切片102を保持した状態の孔開け装置1は、移動装置によって所定の場所に移動される。そして、孔開け装置1に保持された状態の切片102は、例えば、主軸部2が孔開け動作の回転に対して逆回転させられることで、保持状態から解放され、所定の場所にて回収される。本実施形態では、ワークから切り取られた切片102は、逆ハット状の形状となる。
以上のような本実施形態の孔開け装置1によれば、次のような効果が得られる。孔開け装置1においては、ワークから切り取られた切片102が押圧プレート45と爪54とによって上下に挟持された状態で保持されることから、孔開けにより生じた切片102の脱落を防止することができる。したがって、例えばワークが燃料タンクの場合、孔開けにより生じた切片102がタンク内に落下することを防止することができる。
また、本実施形態の孔開け装置1においては、ワーク孔部101に爪54を係止させるための動作に、互いのネジ部によってネジ係合する主軸部2と外周支持部4との相対的な回転が利用される。すなわち、本実施形態の孔開け装置1においては、スピンドルモータによって回転駆動させられる主軸部2の外周支持部4に対する相対回転動作により、主軸部2と外周支持部4との主軸方向の相対的な移動、3本の爪54の開動作、切片102の引上げといった、孔開けを行うための各部の動作が行われる。
この点、従来の孔開け装置は、例えば、スピンドルを回転させるための動力源、ワーク孔部に係止される爪を支持する部分を昇降させるための動力源、爪をワーク孔部に係止させるに際して複数の爪を広げるための動力源等の複数の複数の動力源を必要とする。このため、従来の孔開け装置によれば、装置が大がかりなものとなり、装置の小型化や軽量化を図ることが難しい。これに対し、本実施形態の孔開け装置1によれば、スピンドルモータ等の、主軸部2を回転駆動するための動力源のみにより、孔開けを行うための各部の動作が行われる。このため、本実施形態の孔開け装置1は、装置の小型化や軽量化の面で有利である。

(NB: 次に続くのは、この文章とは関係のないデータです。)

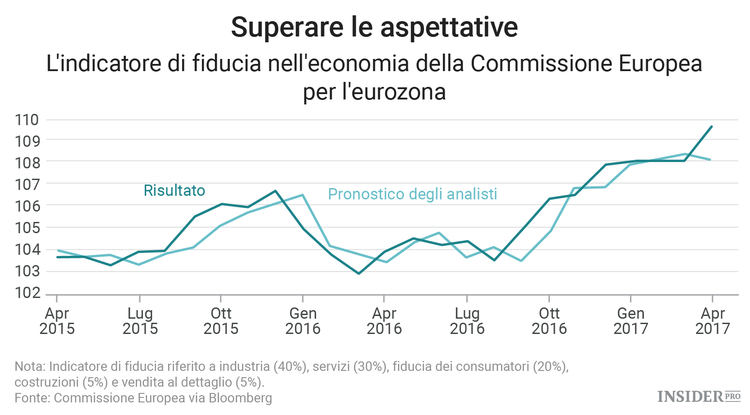 La crisi di Trump migliora le prospettive dell’eurozona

以上のように、本実施形態の孔開け装置1によれば、加工刃3により切り取った切片102を保持する構成を備えながら、構成の簡素化を図ることができ、コンパクトで軽量な構成を実現することができる。
また、本実施形態の孔開け装置1は、ワークを係止するための構成として、外周支持部4に対する主軸部2の主軸方向の相対的な移動にともないピン25のテーパ部2bによって軸中心線A1から放射状に開く3本の爪54を有する。このような構成を採用することにより、ワークから切り取られた切片102を確実に保持することができ、爪54の係止動作についてスムーズな動作を簡単な構造によって容易に実現することができる。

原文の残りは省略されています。